DIG / Décidément, la tension entre le Gabon et le groupe turc Karpowership ne faiblit pas.
Selon les révélations du média Africa Intelligence, l’opérateur turc réclame une créance de 11 milliards de F CFA à la Gabon Oil Company, au titre de l’approvisionnement en fioul de ses centrales flottantes allant de février à septembre 2025.
La réponse de la GOC ne s’est pas fait attendre. Son directeur général Marcellin Simba Ngabi a rejeté sans détour toute obligation légale de règlement, renvoyant Karpowership vers la SEEG.
Pourtant, la GOC reconnaît avoir déjà avancé 16,8 millions de dollars pour l’achat de fioul et 3,1 millions pour le raccordement au réseau de gaz, sur instruction des autorités publiques.

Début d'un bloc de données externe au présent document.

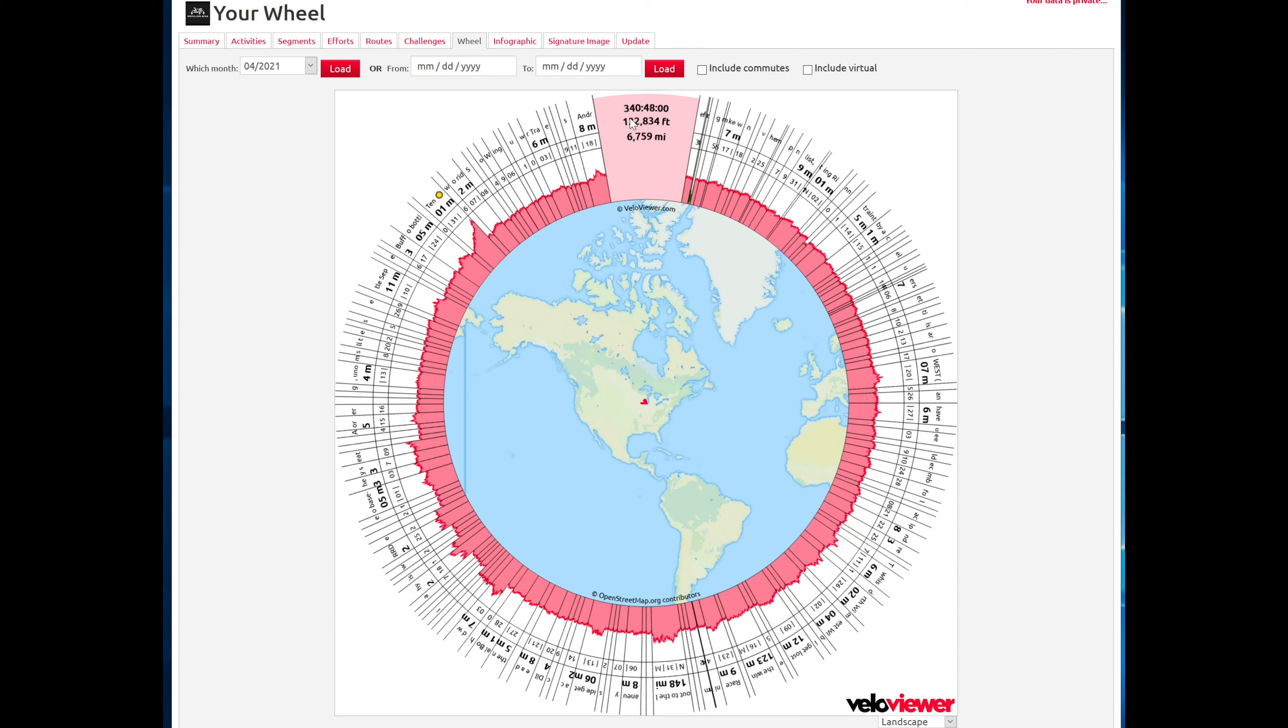So this is a really awesome utility. I love VeloViewer. It is totally worth paying the 10 pounds or 14 or $15 a year to get access to all of the Strava data that I should be able to access easily through Strava, but can't.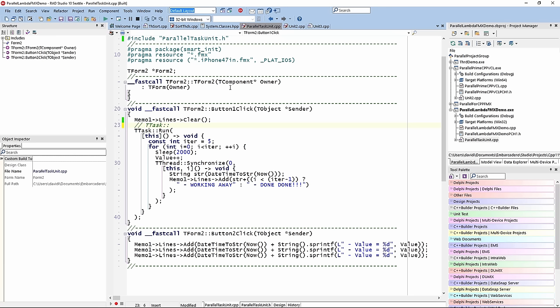You explained everything very nicely. Important to note: it's really convenient to use these TTask methods. There is no excuse anymore to not have your application multi-threaded — like in the old days. That's really what the message is now.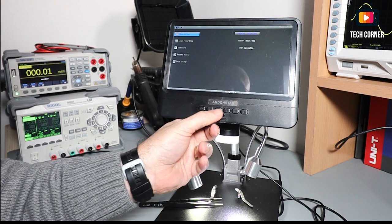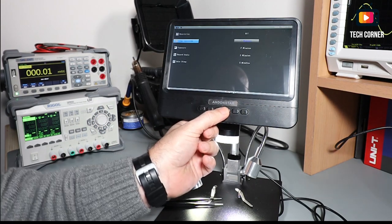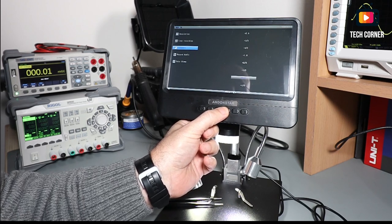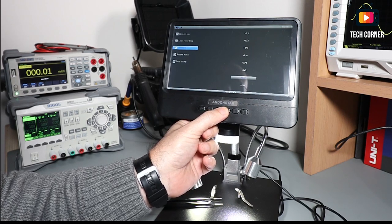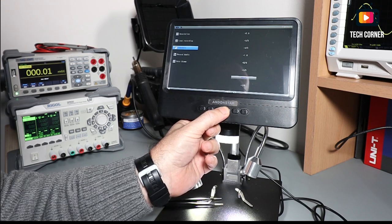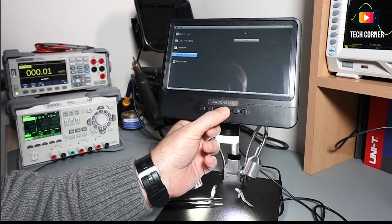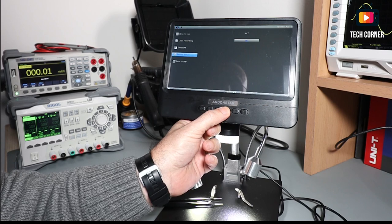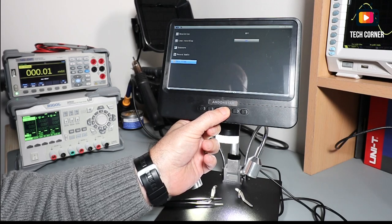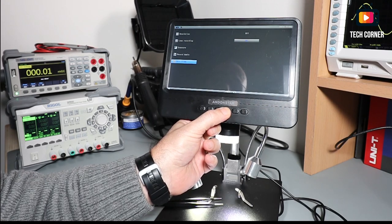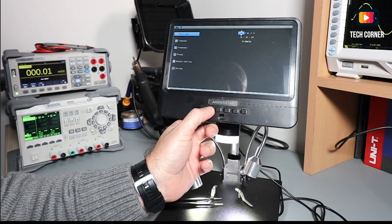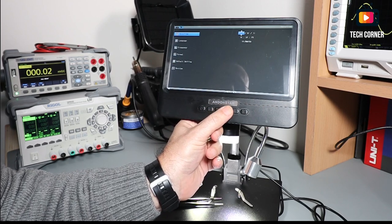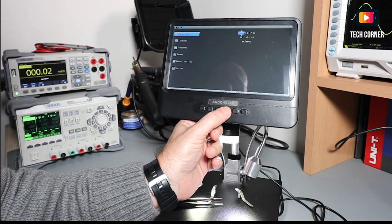We have also the loop recording, the exposure we can set up, if we record the audio or not, if we put the date stamp in the recordings, and we have also to fix the date and time.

Soit près de 20 millions de dollars (11,2 milliards de FCFA).
Ping Pong
Des avances qui n’ont visiblement jamais été remboursées, transformant une mesure d’urgence en contentieux durable.
Au cœur de cette cascade de responsabilités se trouve la SEEG, dont la dette globale atteindrait 150 milliards de F CFA selon le ministre Philippe Tonangoye. C’est elle que la GOC désigne comme débitrice réelle.
Mais la SEEG peut-elle réellement absorber une telle pression financière, alors que l’État lui-même a déjà dû débloquer en urgence 7 milliards de F CFA le 19 mars 2026 pour éviter un blackout à Libreville ?
Pression permanente
Le contrat Karpowership, signé durant la transition sous l’impulsion de Jeannot Kalimat, apparaît aujourd’hui comme un engrenage dont personne ne maîtrise plus le coût réel.
Les deux parties cherchent à en sortir, mais les menaces d’interruption de production continuent de planer, faisant de Libreville une capitale sous pression permanente, otage de ses propres arrangements contractuels.
Aujourd’hui la question centrale reste sans réponse : l’État gabonais dispose-t-il d’une stratégie cohérente pour apurer ses dettes énergétiques, ou continuera-t-il de naviguer d’urgence en urgence, en attendant la prochaine mise en demeure ?
Avec ce bras de fer permanent, c’est toute l’architecture financière du secteur énergétique gabonais qui se fissure.
Une dette qui s’empile sur d’autres dettes, dans un système où personne ne veut payer en dernier.